Patient G. underwent treatment in gynecology ward. Her medical history was put on a table in the staffroom and became available to a physician from another department. The patient new him personally and was definitely against his knowing her medical history or diagnosis.

Often the confidentiality is violated in relation to contagious diseases, including HIV. Divulging this information leads to drastic consequences for the patient, his/her social life, relationships, work or studies. Sometimes the medical staff assumes that revealing the information they serve the public, warning others of potential contagion. Often it happens through negligence, in conversations.

It is noteworthy, that information is spread (deliberately or accidentally) mainly by middle and junior medical staff, and not by the physicians, who are better aware of their liability for these actions. However, there are cases, when the doctors divulge the patients’ information to their relatives or to the staff of the school, in which the patients are studying, trying to coerce the patients to start treatment.

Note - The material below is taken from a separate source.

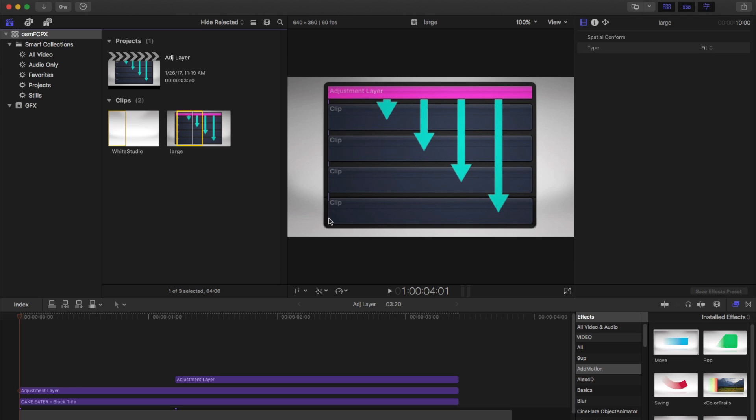If color grading, you can do your base adjustment, or if you have interview sections, you can apply your filters to your adjustment layer, and it will do it to every clip below for the length of the adjustment layer. As soon as the adjustment layer title ends, all adjustments will end as well.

Thus, a mother took a minor patient home from children surgery ward after refusing the surgery. The doctor insisted on surgery, thinking that all the vital indicators made it necessary. However, he failed to explain his reasoning to the mother. Trying to influence her decision, he called the child’s school, divulged her diagnosis and requested that child would be banned from school to coerce the parents to bring the child back to the hospital. The patient’s mother complained to the lawyers of a human rights organization. They studied the case and explained the need for the surgery to her, thus helping her to change her mind.

 

Right to accessible medical records

The violation of patients’ right to access the information concerning their health is most common in the current health care system. After treatment is completed, the patient often encounters difficulties in obtaining his medical history with the treatment description or other related medical records.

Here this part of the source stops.